[Items listed in a dataset]
:::::

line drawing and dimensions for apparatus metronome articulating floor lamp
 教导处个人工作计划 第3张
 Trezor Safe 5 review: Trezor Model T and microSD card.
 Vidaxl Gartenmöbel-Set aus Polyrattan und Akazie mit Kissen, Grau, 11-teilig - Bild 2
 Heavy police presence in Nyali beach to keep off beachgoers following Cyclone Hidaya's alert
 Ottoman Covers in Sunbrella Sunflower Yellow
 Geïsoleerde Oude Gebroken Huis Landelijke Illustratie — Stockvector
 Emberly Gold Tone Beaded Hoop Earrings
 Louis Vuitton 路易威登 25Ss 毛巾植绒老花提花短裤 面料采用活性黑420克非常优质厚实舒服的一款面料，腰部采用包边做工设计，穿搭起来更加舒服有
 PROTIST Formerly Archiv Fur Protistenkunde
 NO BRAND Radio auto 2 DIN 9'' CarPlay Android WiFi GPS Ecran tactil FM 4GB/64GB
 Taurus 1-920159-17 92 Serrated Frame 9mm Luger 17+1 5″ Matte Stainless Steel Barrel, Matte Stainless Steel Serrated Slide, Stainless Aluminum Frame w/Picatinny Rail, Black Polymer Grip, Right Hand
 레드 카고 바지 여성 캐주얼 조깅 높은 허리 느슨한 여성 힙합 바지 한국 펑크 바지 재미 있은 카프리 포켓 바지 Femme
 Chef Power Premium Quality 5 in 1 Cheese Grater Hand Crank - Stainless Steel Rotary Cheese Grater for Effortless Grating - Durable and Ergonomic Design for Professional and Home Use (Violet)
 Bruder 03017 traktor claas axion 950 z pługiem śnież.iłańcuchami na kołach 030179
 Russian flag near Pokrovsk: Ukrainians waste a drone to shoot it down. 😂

:::::

§ Directions for this task: Each record must be transcribed word for word.

§ Solution to the problem:
line drawing and dimensions for apparatus metronome articulating floor lamp
 教导处个人工作计划 第3张
 Trezor Safe 5 review: Trezor Model T and microSD card.
 Vidaxl Gartenmöbel-Set aus Polyrattan und Akazie mit Kissen, Grau, 11-teilig - Bild 2
 Heavy police presence in Nyali beach to keep off beachgoers following Cyclone Hidaya's alert
 Ottoman Covers in Sunbrella Sunflower Yellow
 Geïsoleerde Oude Gebroken Huis Landelijke Illustratie — Stockvector
 Emberly Gold Tone Beaded Hoop Earrings
 Louis Vuitton 路易威登 25Ss 毛巾植绒老花提花短裤 面料采用活性黑420克非常优质厚实舒服的一款面料，腰部采用包边做工设计，穿搭起来更加舒服有
 PROTIST Formerly Archiv Fur Protistenkunde
 NO BRAND Radio auto 2 DIN 9'' CarPlay Android WiFi GPS Ecran tactil FM 4GB/64GB
 Taurus 1-920159-17 92 Serrated Frame 9mm Luger 17+1 5″ Matte Stainless Steel Barrel, Matte Stainless Steel Serrated Slide, Stainless Aluminum Frame w/Picatinny Rail, Black Polymer Grip, Right Hand
 레드 카고 바지 여성 캐주얼 조깅 높은 허리 느슨한 여성 힙합 바지 한국 펑크 바지 재미 있은 카프리 포켓 바지 Femme
 Chef Power Premium Quality 5 in 1 Cheese Grater Hand Crank - Stainless Steel Rotary Cheese Grater for Effortless Grating - Durable and Ergonomic Design for Professional and Home Use (Violet)
 Bruder 03017 traktor claas axion 950 z pługiem śnież.iłańcuchami na kołach 030179
 Russian flag near Pokrovsk: Ukrainians waste a drone to shoot it down. 😂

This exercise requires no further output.